Skip the pictures. Give all the data again exactly.

Data shown.
———

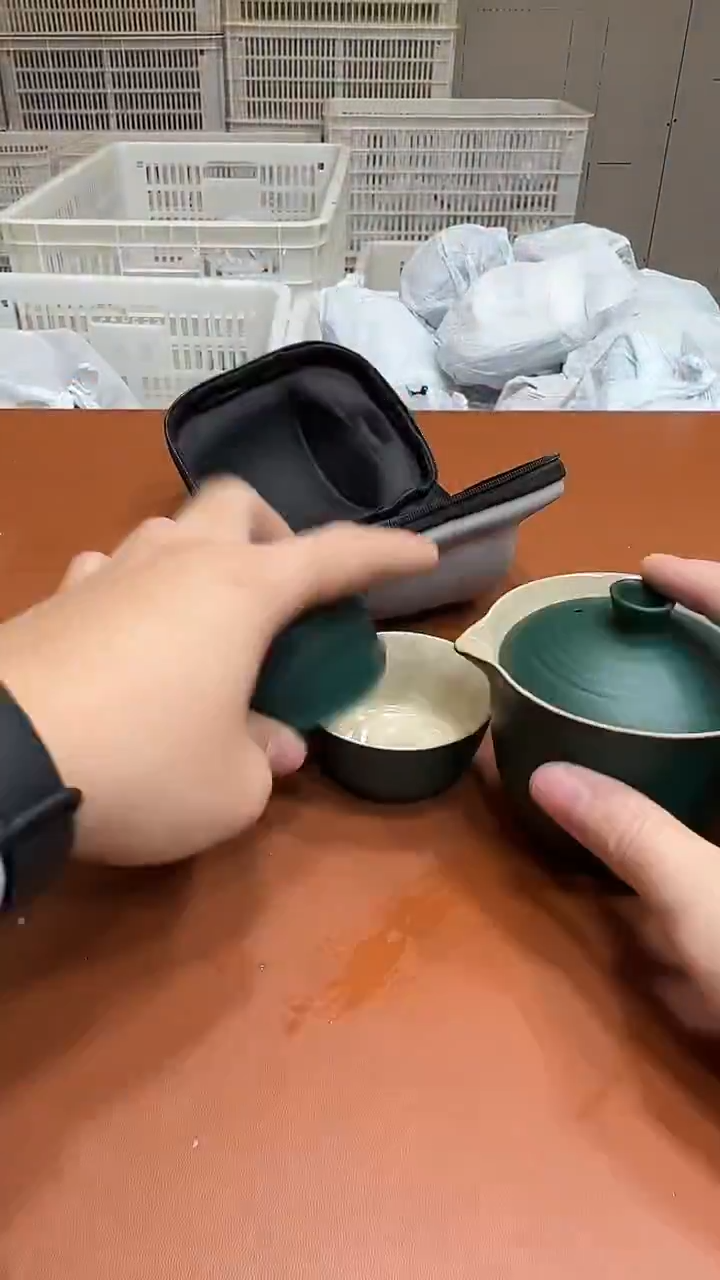 11【闪购商品】1111111111
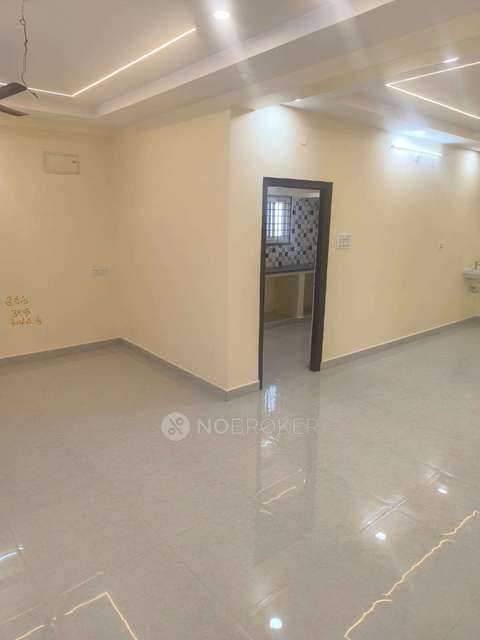 2 BHK Flat In Kamakshi Nilayam For Sale  In 135, Vemunguta, Sainikpuri, Secunderabad, Telangana 500103, India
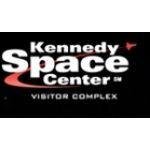 Space Shop coupons and promo codes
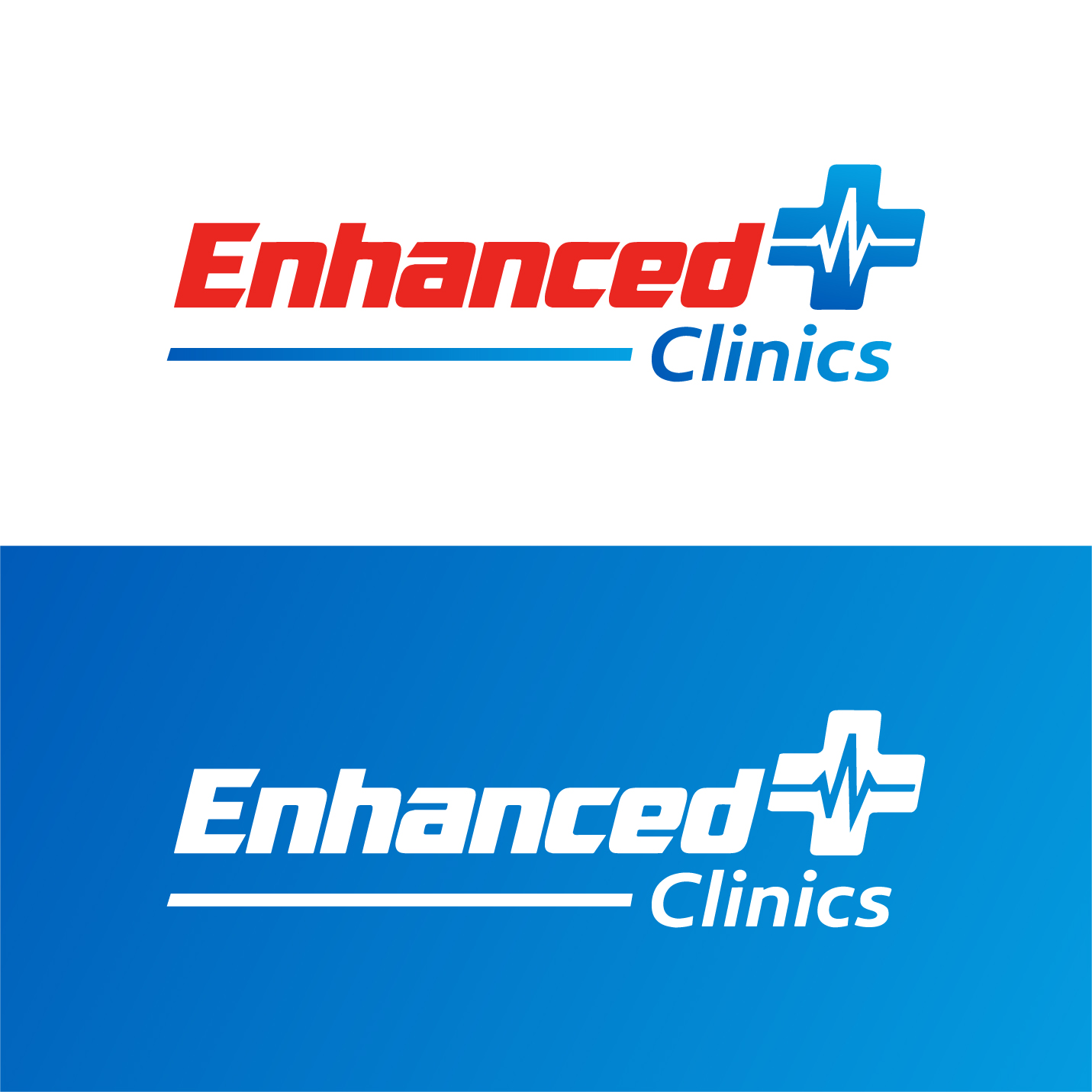 Logo Design by Art by Rose for this project | Design #36692470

———

Task answer.
 11【闪购商品】1111111111
 2 BHK Flat In Kamakshi Nilayam For Sale  In 135, Vemunguta, Sainikpuri, Secunderabad, Telangana 500103, India
 Space Shop coupons and promo codes
 Logo Design by Art by Rose for this project | Design #36692470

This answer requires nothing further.